EXERCISE DIRECTIONS:
Tally every line in the listing that holds the string "Dodge", then state the total and nothing more.
--- START ---
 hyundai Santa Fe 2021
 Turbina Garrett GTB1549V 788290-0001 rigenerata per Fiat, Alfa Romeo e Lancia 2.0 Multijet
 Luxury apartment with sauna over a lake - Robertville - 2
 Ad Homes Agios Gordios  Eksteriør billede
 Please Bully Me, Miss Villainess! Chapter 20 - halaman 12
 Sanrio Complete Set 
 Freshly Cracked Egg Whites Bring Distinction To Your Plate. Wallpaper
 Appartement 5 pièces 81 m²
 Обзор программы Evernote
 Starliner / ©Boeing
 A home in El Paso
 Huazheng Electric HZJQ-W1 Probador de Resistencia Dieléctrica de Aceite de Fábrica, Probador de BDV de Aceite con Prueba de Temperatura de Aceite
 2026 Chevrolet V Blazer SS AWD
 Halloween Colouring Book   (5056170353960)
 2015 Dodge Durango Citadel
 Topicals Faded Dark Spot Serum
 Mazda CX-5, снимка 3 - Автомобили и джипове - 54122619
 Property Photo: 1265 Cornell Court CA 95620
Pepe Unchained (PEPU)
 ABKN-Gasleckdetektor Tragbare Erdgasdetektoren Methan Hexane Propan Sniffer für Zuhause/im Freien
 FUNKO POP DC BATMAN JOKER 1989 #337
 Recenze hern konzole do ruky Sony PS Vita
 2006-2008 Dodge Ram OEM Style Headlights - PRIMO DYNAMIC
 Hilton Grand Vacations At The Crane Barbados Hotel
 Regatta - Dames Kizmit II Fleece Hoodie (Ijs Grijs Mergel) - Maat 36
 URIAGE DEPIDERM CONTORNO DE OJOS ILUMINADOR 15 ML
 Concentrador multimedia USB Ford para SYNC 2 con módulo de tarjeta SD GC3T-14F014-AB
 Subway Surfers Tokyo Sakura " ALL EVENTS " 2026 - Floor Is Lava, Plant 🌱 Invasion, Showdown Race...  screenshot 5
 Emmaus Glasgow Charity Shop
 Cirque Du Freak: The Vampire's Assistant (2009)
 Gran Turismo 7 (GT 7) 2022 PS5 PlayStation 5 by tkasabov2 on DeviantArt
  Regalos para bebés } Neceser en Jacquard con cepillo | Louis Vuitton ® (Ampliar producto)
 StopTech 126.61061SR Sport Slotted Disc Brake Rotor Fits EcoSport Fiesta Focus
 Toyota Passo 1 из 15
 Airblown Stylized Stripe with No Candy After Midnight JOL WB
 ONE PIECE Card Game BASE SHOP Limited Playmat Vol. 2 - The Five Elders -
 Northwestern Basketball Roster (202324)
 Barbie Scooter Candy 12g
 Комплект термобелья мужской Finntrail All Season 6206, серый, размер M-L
--- END ---
WRITTEN RESPONSE:
2